Lembro-me sempre do meu avô, ouvido já “duro” colado ao rádio, a ouvir o noticiário da hora certa. Não falhava um, e em cada um confirmava a sua maior suspeita:
- Olha, filha, -dizia ele muito angustiado – o mundo caminha para um cataclismo!
Comecei então a tentar perceber que mudanças terríveis se anunciavam nesses breves minutos para ele confirmar, sem excepção, o vaticínio terrível.

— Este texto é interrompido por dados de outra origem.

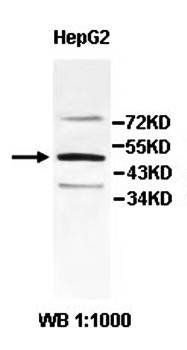 ZNF19 Rabbit Polyclonal Antibody
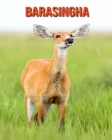 Barasingha: Libro para niños con imágenes hermosas y datos interesantes sobre los Barasingha Cover Image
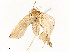  ( - CBG-A54422-C06)  @11 [ ] CreativeCommons - Attribution Share - Alike (2024) CBG Photography Group Centre for Biodiversity Genomics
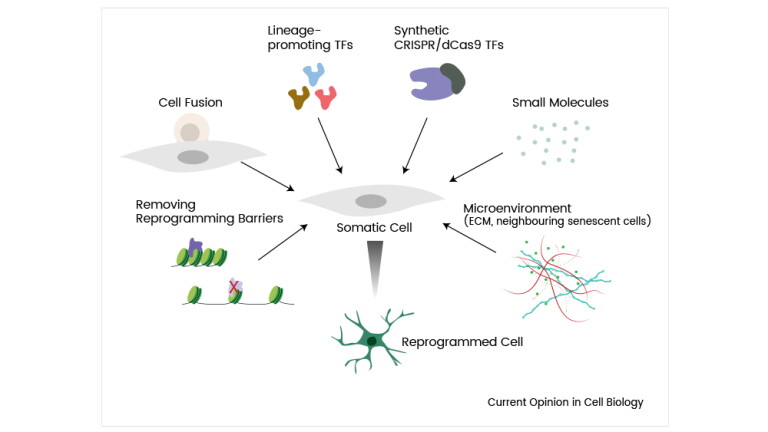 Cellular Reprogramming Steps Powering the Next Wave of Cell Therapy: From iPSC-Derived Cells to In ...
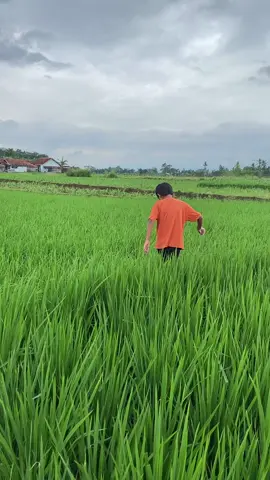 Menikmati alam pedesaan (menurut belut guys) ##alampedesaan##fyp##viral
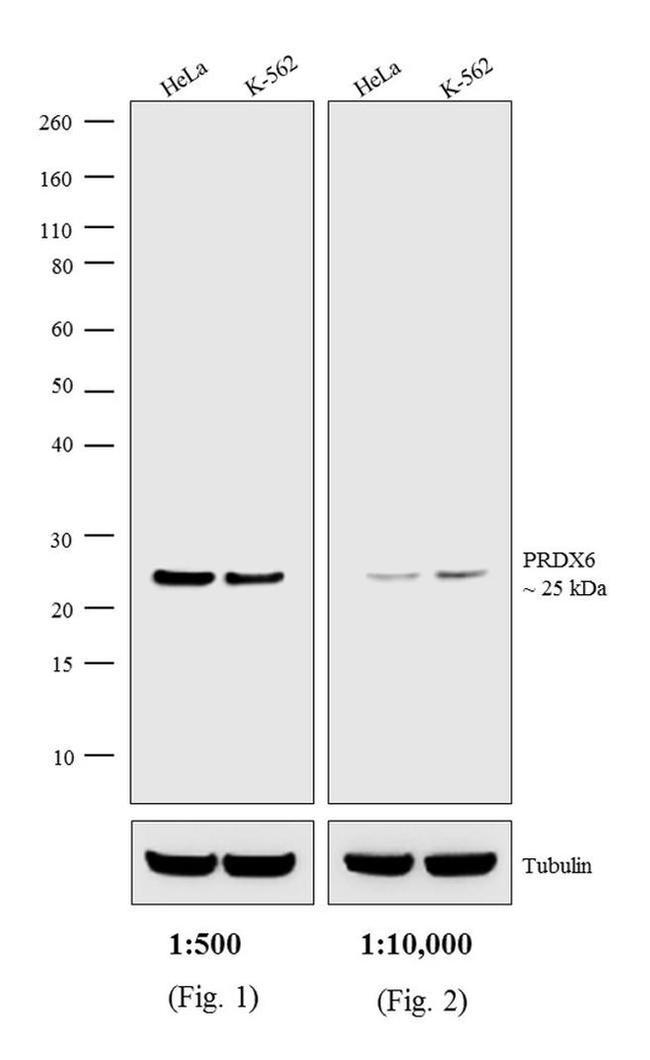 Rabbit IgG (H+L) Highly Cross-Adsorbed Secondary Antibody in Western Blot (WB)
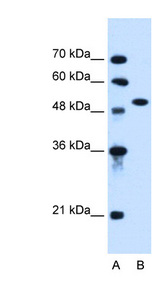 ALK2 / ACVR1 Antibody - ACVR1 / ALK2 antibody Western blot of HepG2 cell lysate. This image was taken for the unconjugated form of this product. Other forms have not been tested.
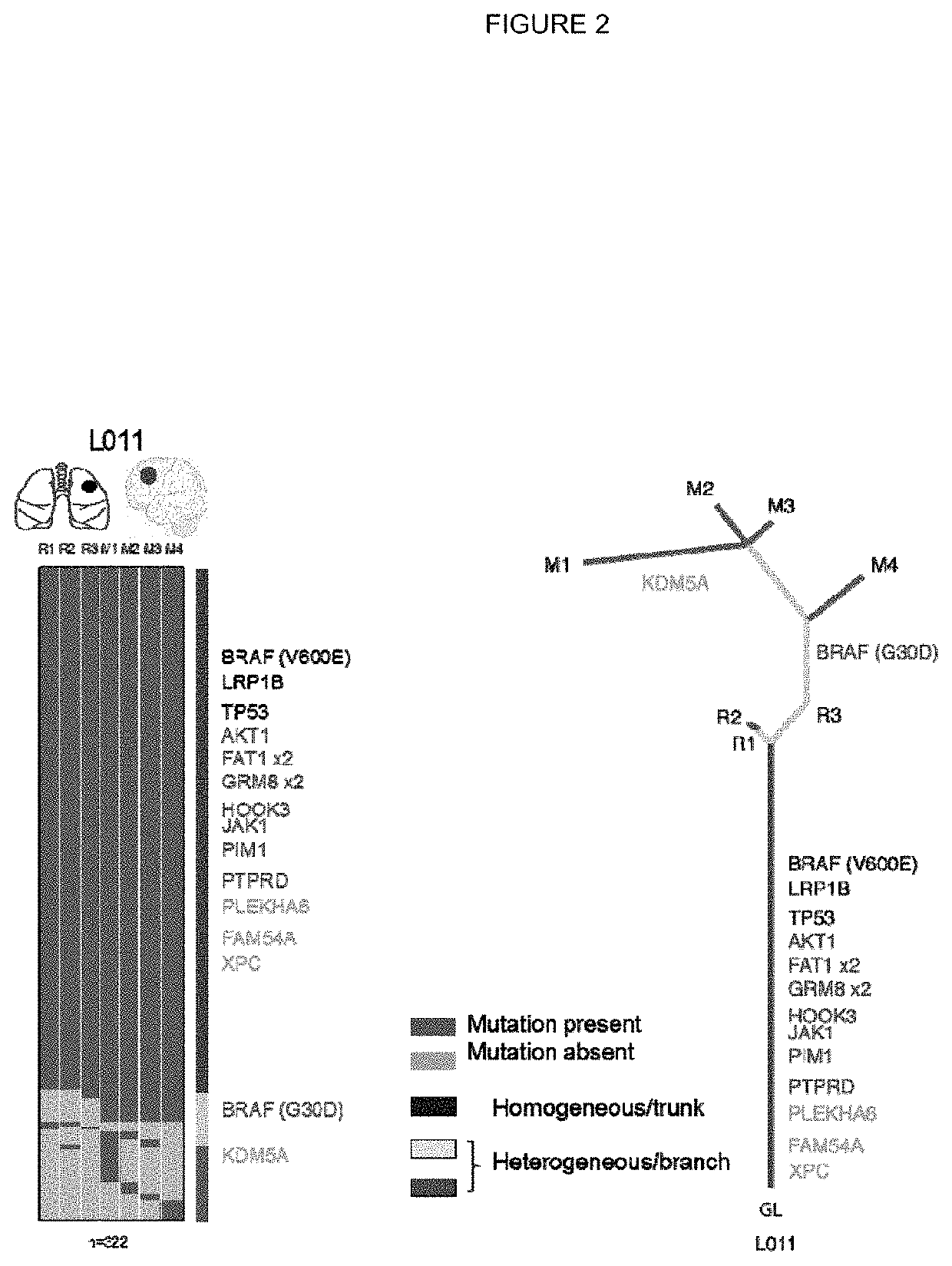 Neo-antigen specific t cells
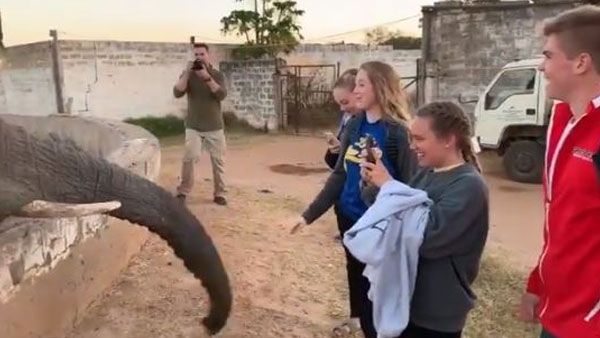 Watch video of African elephant slapping tourist on the face for clicking photos, goes viral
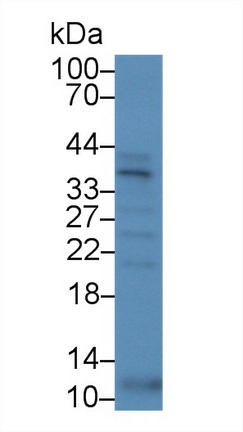 Polyclonal Antibody to Sprouty Homolog 1 (SPRY1)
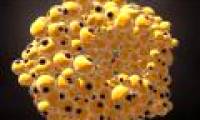 Scientists have successfully turned breast cancer cells into ... fat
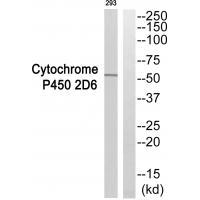 Cytochrome P450 2D6 Antibody 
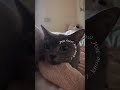 Elegant Gray Cat in Calm Pose #youtubeshorts #youtube #shorts #fyp #viral #viralvideo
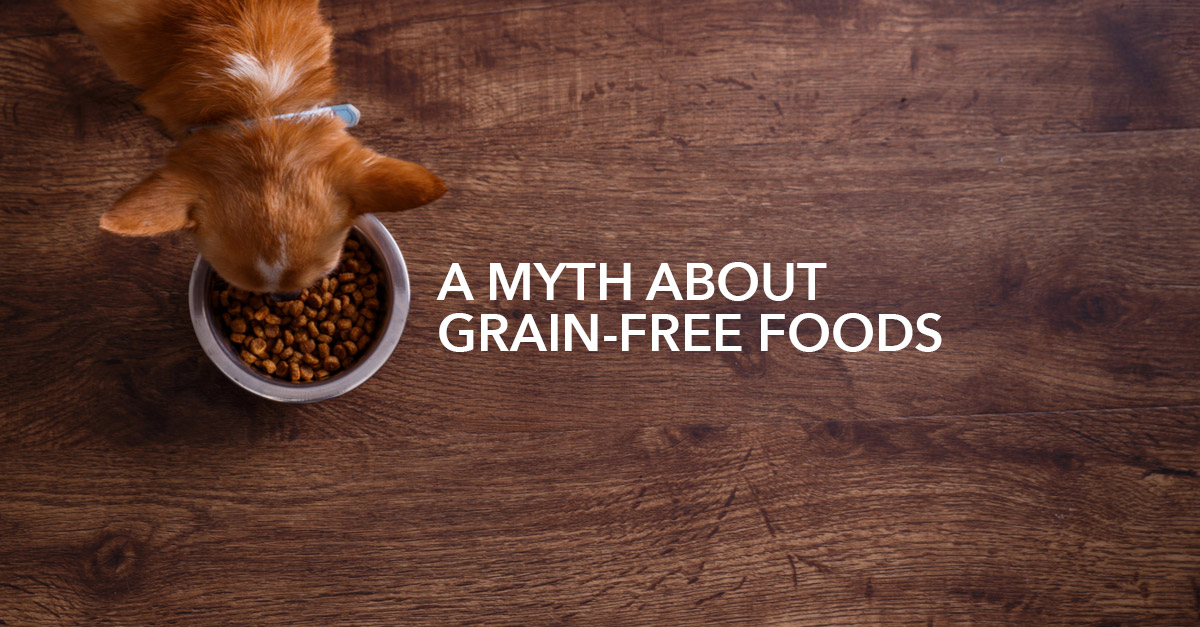 Surprisingly, “Grain-Free” foods contain 50% carbs! Learn how to boost your dog’s protein inexpensively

E a verdade é que não encontrava nada assim de tão assustador, pelo menos nada que não pudesse ter solução ou até que não pudesse trazer melhoria da vida das pessoas. A liberdade, a democracia, os direitos das mulheres, a explosão do acesso ao ensino, a abertura a outros países, uma sociedade de consumo em contraste com o Portugal pobrezinho e modesto, etc. etc.
Nada é permanente, tudo muda, o estudo da história mostra isso, e o das ciências, e o da geografia, e...
Para mim, que era muito nova e tinha a vida toda à frente, a mudança era vista com entusiasmo, com esperança, com um temor de desafio; mas o meu avô dizia que só começamos a ter medo quando “já se viu muito” e se conhecem casos concretos que não correram bem, ou quando tudo o que levou uma vida a conquistar, ou a defender, é de repente posto em risco.
Quando hoje leio artigos nos jornais ou vejo debates em que se pronunciam os piores vaticínios para o futuro, em que tudo o que surge é perigoso, insustentável ou foi mal feito e sem remédio, em que parece que deixámos passar o momento exacto da perfeição que a nossa memória tão bem recriou (quando? Quem o viu?), lembro-me sempre do meu avô e do seu cataclismo iminente.
Há um momento da vida em que o cinismo e o pessimismo ocupam a nossa alma. Não tem que ver com a idade mas com o deixarmos de acreditar no futuro e só nos virarmos para o passado, porque só esse conseguimos compreender, nele estamos a salvo e nele habitamos – é nessa altura que ficamos velhos.
2 comentários:
Grande verdade cara Suzana,
aliás esse é mais um dos problemas do país... continuar virado para o passado, a remoer o passado, a definhar nos pântanos passados, governo após governo, de todas as cores e de todos os partidos.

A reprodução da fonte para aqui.